Mais où sont donc passés les jeunes loups ? Aujourd’hui, faire carrière n’est plus une fin en soi, gagner de l’argent ne suffit plus. Chez les jeunes diplômés, la quête du sens et de l’équilibre personnel prévaut. Enquête auprès de ces battants d’un nouveau genre.
Dorothée Werner avec Hélène Fresnel.

« Ni pauvres ni riches. Ni heureux ni malheureux. Ni soumis ni révoltés. Ni vils ni nobles. Ni pro ni anticapitalistes. Nous
voilà, les salariés, les cadres (trentenaires, ndlr), vaste armée démobilisée et sceptique attendant, sinon le Grand Soir, au moins le soir. » Qui ose dépeindre ainsi le désenchantement des jeunes diplômés des grandes écoles, dans ce pays dont les deux mots d’ordre récents (« Travailler plus pour gagner plus » et « La chasse à la glandouille ») bénéficient d’un large consensus ? Qui ose présenter les forces vives de la nation aussi démotivées, éreintées d’avance par l’ennui mortel de la vie de bureau, comptant leurs heures comme de vulgaires gratte-papier malgré des études longues et sacrificielles, tout en rêvant d’intensité, de vie de famille, de voyages au bout du monde, de métiers artistiques, de joies simples ? Qui ose parler ainsi ?
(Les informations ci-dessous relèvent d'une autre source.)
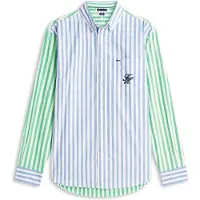 Tommy Hilfiger Papertouch Fun Classic Fit Shirt - Multi/patterned - L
Teodor Limann. A32 ans, ce polytechnicien a déjà une brillante carrière derrière lui, entre cabinets de consultants prestigieux et directions financières de grands groupes. Son petit livre générationnel (1) réussit la prouesse d’être à la fois décapant et très bien écrit. Avec un sens aigu du détail, il évoque les mille et un sacrifices encaissés par sa génération pour se fondre sans convictions dans le moule ultra-formaté de l’entreprise. « Une génération romantique est ainsi en train d’éclore, écrit-il, et c’est là une bien curieuse ironie de voir des bataillons de diplômés surentraînés prêts à tout pour échapper au costume-cravate et n’être jamais directeurs de rien. » Ce fils de profs, qui publie sous pseudo pour ne pas mettre en péril son parcours professionnel, ne remet pas en question l’idée même de travail, mais semble traversé par une seule et vaste question : « Tout ça pour quoi ? »

Combien sont-ils, ces jeunes diplômés de grandes écoles rêvant comme Teodor Limann d’être hommes au foyer dans une petite maison de pêcheur, passant leurs journées à s’occuper des enfants et leurs nuits à écrire des romans ? Combien sont-ils qui étouffent leur vague à l’âme chaque matin sous leur costume Agnès b. avant de s’enquiller, pour un (très) bon salaire et à un poste jugé plus qu’enviable par l’ensemble ou presque de la société, dix ou douze heures absurdes devant leur ordinateur ? Certains objecteront que le blues du jeune normalien, le spleen post-HEC et l’errance métaphysique des polytechniciens ne pèsent pas lourd face à l’angoisse de hordes de gamins sans qualification
qui rêvent de décrocher, un jour peut-être, un CDD au Smic. C’est vrai. Sauf que cette nouvelle défiance des élites vis-à-vis du monde du travail, constatée par moult économistes, sociologues, directeurs d’études et spécialistes des ressources humaines de ce pays, illustre une tendance qui sent le long terme et risque de se propager dans toutes les couches de la société.